China has attained the ability to mass produce spent nuclear fuel shipping containers thanks to recent achievements by China National Nuclear Corp (CNNC), according to media reports.
The milestone was marked by the prototype unit of "Longzhou-CNSC" shipping containers of spent nuclear fuel, a national-level major scientific and technological project led and researched by CNNC.
The containers have passed the initial tests and can begin mass production on Wednesday, according to a post on the website of CNNC.
CNNC's success fills a technology gap in China and breaks the foreign monopoly in this area, the Beijing-based Science and Technology Daily newspaper reported on Sunday.
The CNNC project can carry 21 sets of spent nuclear fuel assemblies, and Xi'an Nuclear Equipment Co is the manufacturer, the report said.
According to transport regulations and provisions developed by the International Atomic Energy Agency, shipping containers have to be tested under hypothetical accidental conditions.

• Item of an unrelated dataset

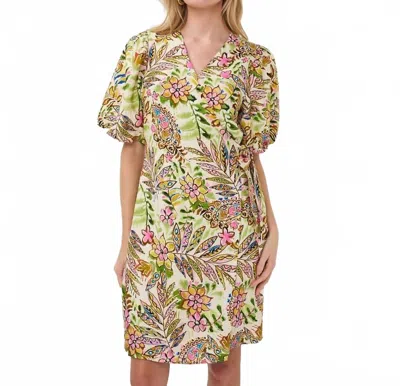 Esqualo Jungle Print Wrap Dress In Green Multi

CNNC has built a testing platform for digital simulation and experimental verification, an industry insider told the Science and Technology Daily.
"The workload in the design stage was immense. For instance, one of the simulations required 24-hour nonstop calculations for one week," Wang Qing, project manager in the research and development team, was quoted saying in the report.
The development and manufacturing project for the shipping containers involves a series of sub-projects, including containers for new fuel and spent nuclear fuel.
These containers cover all fuel models related to transportable experimental reactors and pressurized water reactors and other new types of nuclear fuel, the report noted.
Under China's long-term nuclear development plan, by 2020, installed nuclear power capacity is expected to reach 58 million kilowatts, with spent nuclear fuel standing at more than 7,000 tons. The amount of spent fuel is expected to double by 2025, according to the report.
The project was launched in 2009 and contracted to CNNC in December 2010 by the National Energy Administration.